= Mattydale lay =

Way of storing hose on a fire engine

A hose lay or hose load is a preconfigured arrangement of fire hose that facilitates deployment under high-stress, high-danger situations.

A Mattydale lay, also called "cross-lay", "speedlay", and "transverse lay", is a method of storing hose on a fire engine. This method of storing hose is designed for rapid deployment of a hose line to attack a fire. In this manner, the hose is stored perpendicularly across the fire apparatus, usually above or adjacent to the pump panel, instead of the usual parallel storage in the rear. This allows the firefighter to pull the hose in the direction of the fire instead of having to make a turn.

== History ==
The Mattydale lay was designed in 1947 by Chief Burton L. Eno of the Mattydale, New York Fire Department. It was first installed on a 1939 Buffalo Fire Appliance Corp. "Pathfinder" fire engine.

== Use ==
Most modern American fire apparatus use some sort of variation of the Mattydale lay. There are several different types of "hose loads" in use, which is the way the hose is folded in the lay:
- Accordion load – The hose is loaded so that when it is flat, it is standing on end. The finished load resembles an accordion.
- Flat load – The flat hose is simply placed in the track so that it is stacked. Most large supply lines coming off the back of the fire apparatus are stored using a flat load because of ease of deployment and re-packing.
- Horseshoe load – Similar to the accordion load, but the whole load is folded in half, resembling a horseshoe. Some departments use a "reverse horseshoe" load.
- Minuteman load – A special load that allows the firefighters to pull a large section of the hose onto their shoulders and have it drop off (called "paying out") in an organized fashion as they advance towards the fire.
- "S" load, more commonly known as the "triple-layer" load – The hose is folded three times before being loaded. The threefold resembles a large letter "S". This method allows all of the hose to be deployed rapidly in an organized manner, and is particularly useful for operating in tight spaces.

==Constructing a hose load==
Generally, it takes several individuals to build a hose load, at least one on each end. A third person handing the hose to the two individuals on the ends facilitates the process.
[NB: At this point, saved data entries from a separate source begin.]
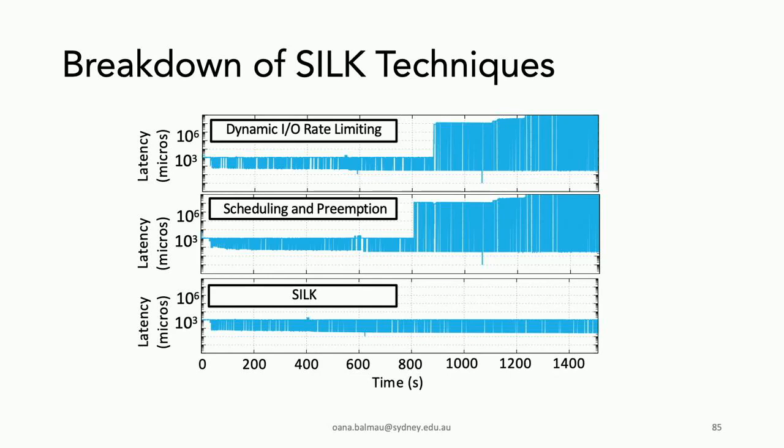This is a breakdown of SILK's techniques: the full system, only the opportunistic bandwidth allocation, and only the preemption and prioritization. Both techniques help, but you need to do them together — it's not enough to just be opportunistic about compactions; you also need to prioritize what's more important.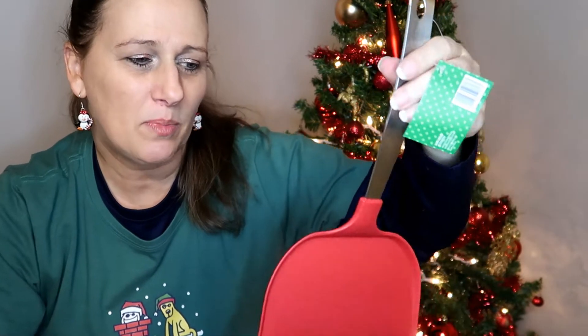Guess what? Today is Christmas Day. I am doing my Christmas haul and unboxing — it's my video filming day now that all the festivities have ended. His stocking was full, so he's going to end up probably getting this for Valentine's Day.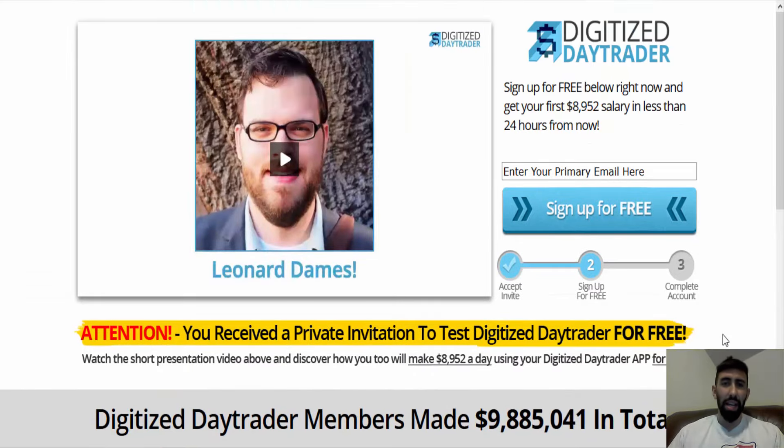In the past we have reviewed several trading scams where the developers spend loads of money making their system look very legitimate and very promising, but then later proved to be worthless. So looks can be deceiving in the binary industry. If you want to take a look at the Digitized Day Trader for yourself, I'll leave the link below.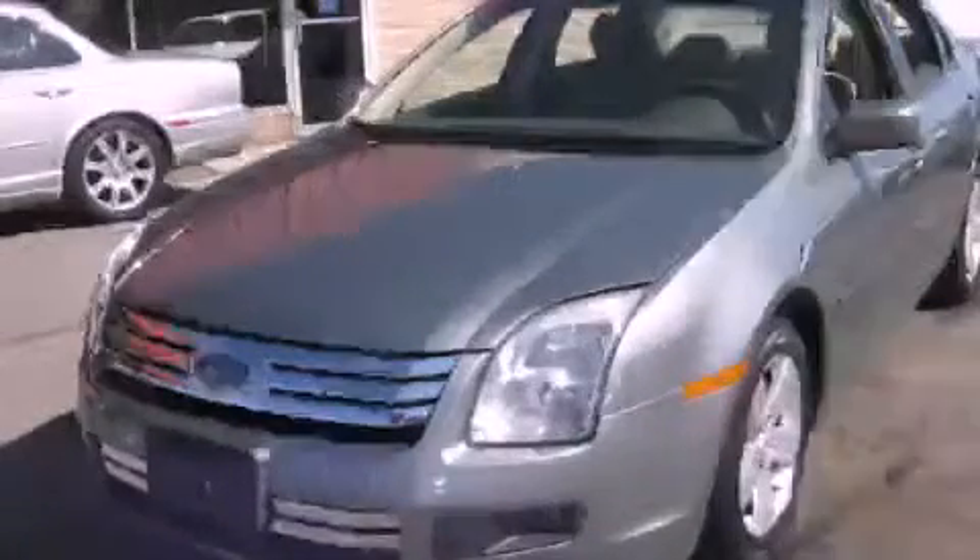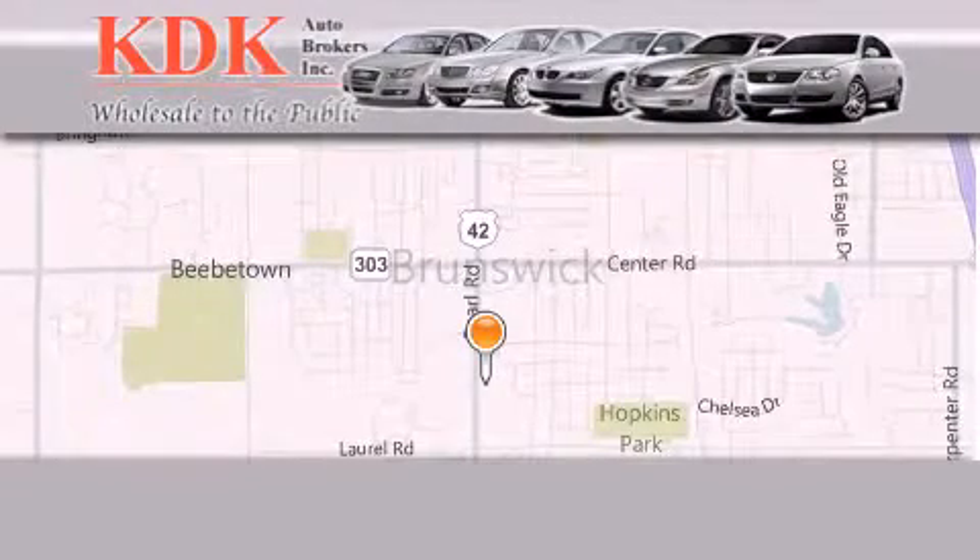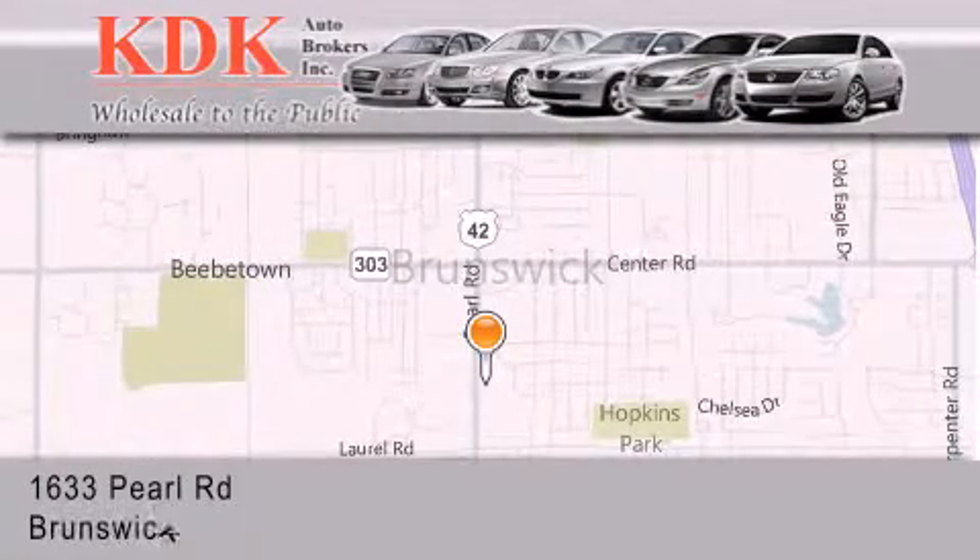Please call today to reserve this vehicle for a test drive. Thank you for considering KDK Auto Brokers in Brunswick, Ohio for your next pre-owned vehicle.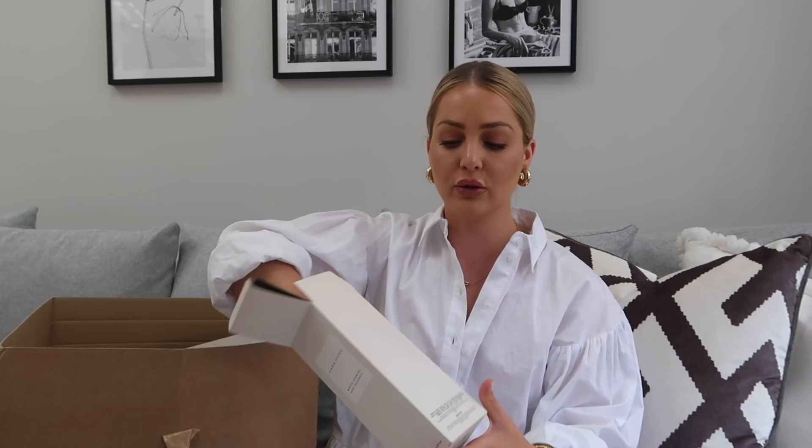Alongside the candle I always get the diffuser. This is the medium size - they have small, medium, and large. The diffuser is always more expensive but I got the medium size. These make really nice features in the house - whether you're styling shelves or you've got a little tray on your coffee table, they make a nice little feature.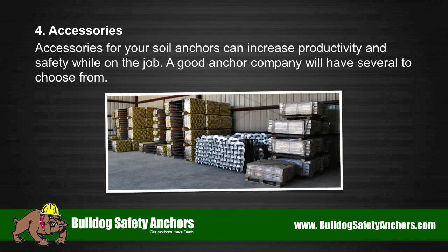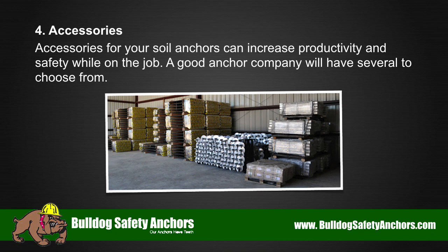4. Accessories. Accessories for your soil anchors can increase productivity and safety while on the job. A good anchor company will have several to choose from.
After the desired length of hose is connected, and sometimes the air removed from the interior with a fire hose vacuum, it is laid in a compartment or hose bed in a predetermined manner depending on the type of lay being built. Almost always the nozzle or female end or both are made easily accessible from the exterior. In the case of a "pre-connect", the female coupling is attached to a discharge on the engine, making deployment even faster.